Tarcza Anna zeszła pod ziemię

2012-04-05 3:00

Widowiskowa akcja na rondzie Daszyńskiego. Mająca drążyć II linię metra gigantyczna tarcza TBM, którą ochrzczono imieniem Anna zjechała wczoraj na głębokość dwóch pięter pod ziemię.

Ważące prawie 400 ton wiertło zamocowano na super-wytrzymałych linach, które następnie chwycił olbrzymi dźwig. Jego wysięgnik może osiągnąć nawet 108 metrów długości, dlatego maszyna była sprowadzana specjalnie na tę okazję do stolicy w częściach.

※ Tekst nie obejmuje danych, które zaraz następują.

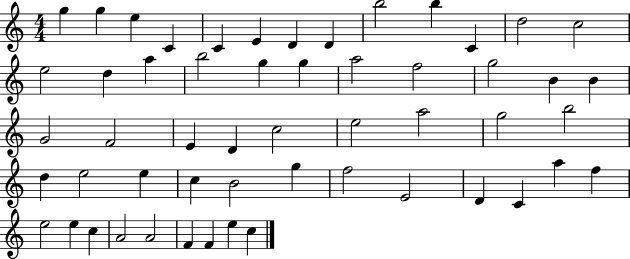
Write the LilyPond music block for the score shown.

{
  \clef treble
  \numericTimeSignature
  \time 4/4
  \key c \major
  g''4 g''4 e''4 c'4 | c'4 e'4 d'4 d'4 | b''2 b''4 c'4 | d''2 c''2 | \break e''2 d''4 a''4 | b''2 g''4 g''4 | a''2 f''2 | g''2 b'4 b'4 | \break g'2 f'2 | e'4 d'4 c''2 | e''2 a''2 | g''2 b''2 | \break d''4 e''2 e''4 | c''4 b'2 g''4 | f''2 e'2 | d'4 c'4 a''4 f''4 | \break e''2 e''4 c''4 | a'2 a'2 | f'4 f'4 e''4 c''4 | \bar "|."
}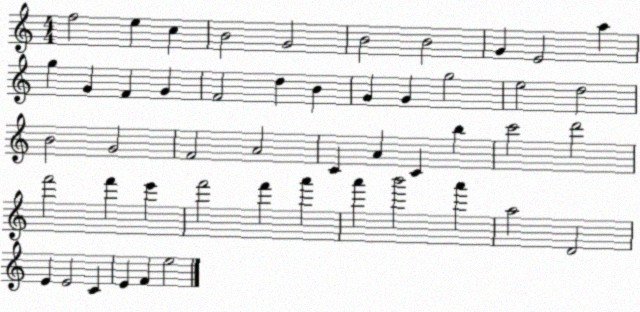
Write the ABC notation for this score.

X:1
T:Untitled
M:4/4
L:1/4
K:C
f2 e c B2 G2 B2 B2 G E2 a g G F G F2 d B G G g2 e2 d2 B2 G2 F2 A2 C A C b c'2 d'2 f'2 f' e' f'2 f' a' a' b'2 a' a2 D2 E E2 C E F e2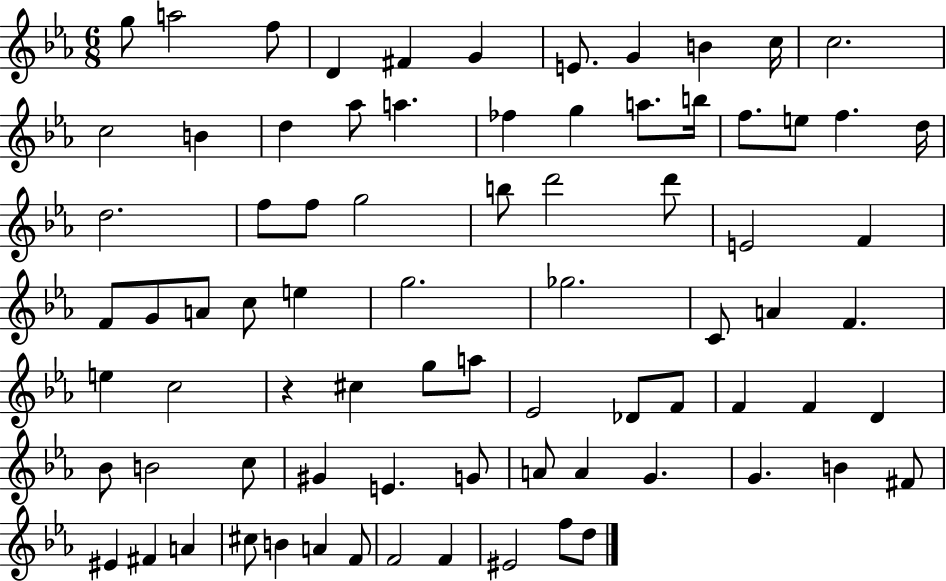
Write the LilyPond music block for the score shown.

{
  \clef treble
  \numericTimeSignature
  \time 6/8
  \key ees \major
  g''8 a''2 f''8 | d'4 fis'4 g'4 | e'8. g'4 b'4 c''16 | c''2. | \break c''2 b'4 | d''4 aes''8 a''4. | fes''4 g''4 a''8. b''16 | f''8. e''8 f''4. d''16 | \break d''2. | f''8 f''8 g''2 | b''8 d'''2 d'''8 | e'2 f'4 | \break f'8 g'8 a'8 c''8 e''4 | g''2. | ges''2. | c'8 a'4 f'4. | \break e''4 c''2 | r4 cis''4 g''8 a''8 | ees'2 des'8 f'8 | f'4 f'4 d'4 | \break bes'8 b'2 c''8 | gis'4 e'4. g'8 | a'8 a'4 g'4. | g'4. b'4 fis'8 | \break eis'4 fis'4 a'4 | cis''8 b'4 a'4 f'8 | f'2 f'4 | eis'2 f''8 d''8 | \break \bar "|."
}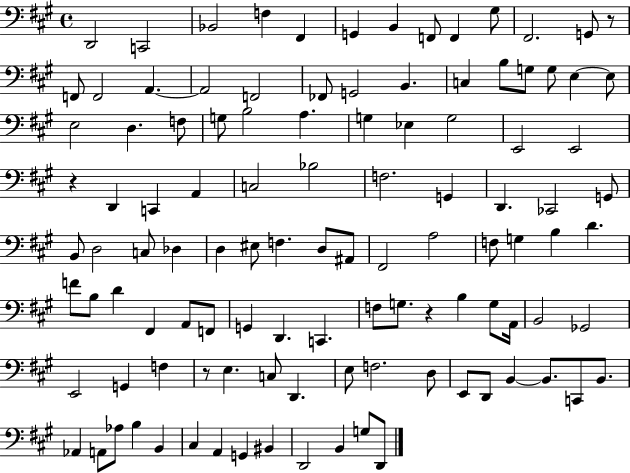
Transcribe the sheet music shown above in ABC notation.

X:1
T:Untitled
M:4/4
L:1/4
K:A
D,,2 C,,2 _B,,2 F, ^F,, G,, B,, F,,/2 F,, ^G,/2 ^F,,2 G,,/2 z/2 F,,/2 F,,2 A,, A,,2 F,,2 _F,,/2 G,,2 B,, C, B,/2 G,/2 G,/2 E, E,/2 E,2 D, F,/2 G,/2 B,2 A, G, _E, G,2 E,,2 E,,2 z D,, C,, A,, C,2 _B,2 F,2 G,, D,, _C,,2 G,,/2 B,,/2 D,2 C,/2 _D, D, ^E,/2 F, D,/2 ^A,,/2 ^F,,2 A,2 F,/2 G, B, D F/2 B,/2 D ^F,, A,,/2 F,,/2 G,, D,, C,, F,/2 G,/2 z B, G,/2 A,,/4 B,,2 _G,,2 E,,2 G,, F, z/2 E, C,/2 D,, E,/2 F,2 D,/2 E,,/2 D,,/2 B,, B,,/2 C,,/2 B,,/2 _A,, A,,/2 _A,/2 B, B,, ^C, A,, G,, ^B,, D,,2 B,, G,/2 D,,/2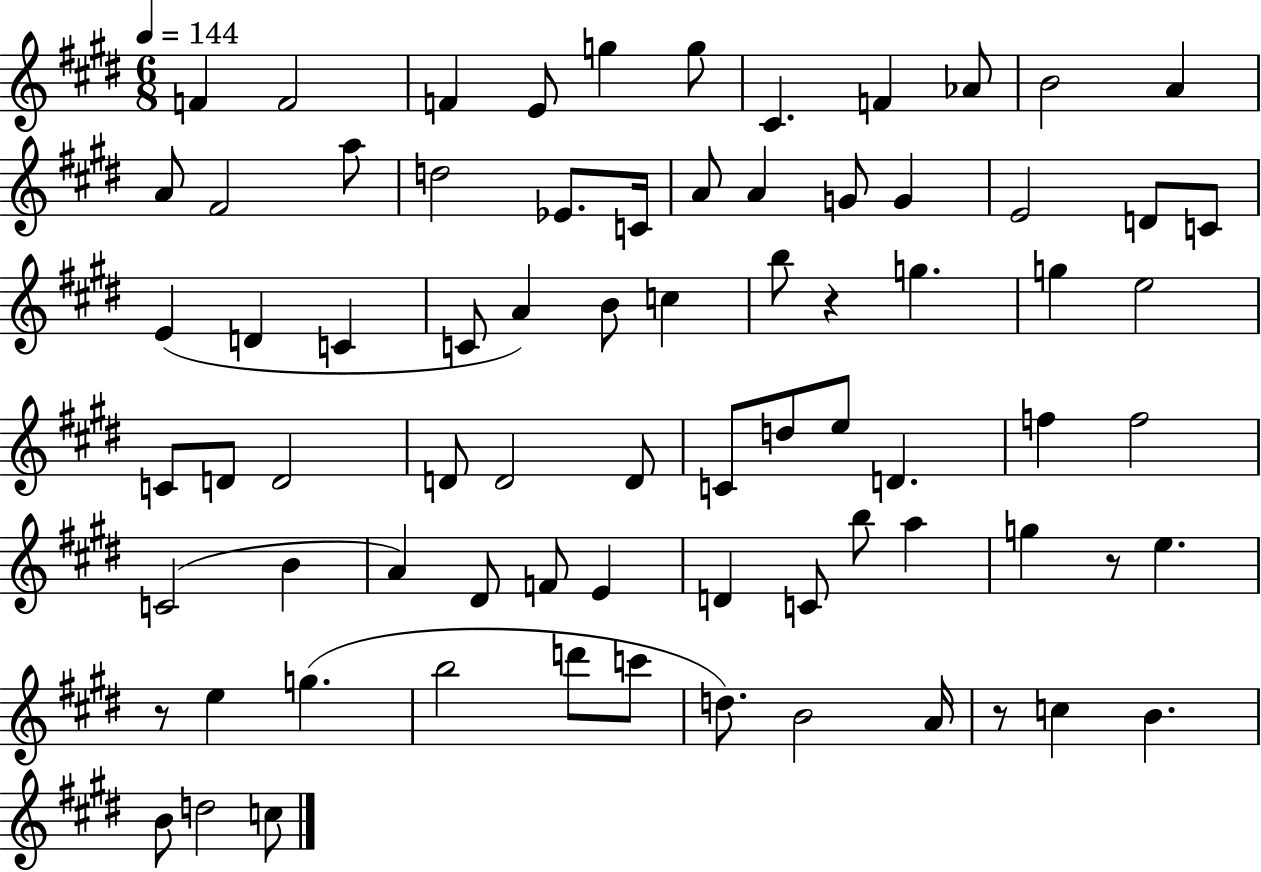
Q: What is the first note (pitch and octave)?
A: F4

Opuszczanie tarczy zaczęło się po godz. 9.30 i trwało prawie dwie godziny. Była to bardzo skomplikowana operacja, bo tarcza składa się z trzech wielkich modułów i trzeba ją było umieścić w otworze w korpusie stacji. Nic więc dziwnego, że kiedy to się udało, na budowie II linii podziemnej kolejki zapanowała niezwykła radość, a pracownicy zaczęli bić brawo. Ale to jeszcze nie wszystko! W ciągu tygodnia pod ziemią zostanie umieszczona też druga tarcza TBM o nazwie "Maria".

"Anna" zacznie drążyć tunele metra za trzy tygodnie. Będzie pracować 24 godziny na dobę, a obsługiwać ją będzie 13 robotników na jednej zmianie. Wiertło będzie kopać 10 metrów tunelu dziennie, czyli wydrążenie kilometrowego odcinka zajmie mu około dwóch miesięcy. Kolejne z wierteł "Maria" wyruszy miesiąc później, aby nie uszkodzić powstającego pierwszego tunelu.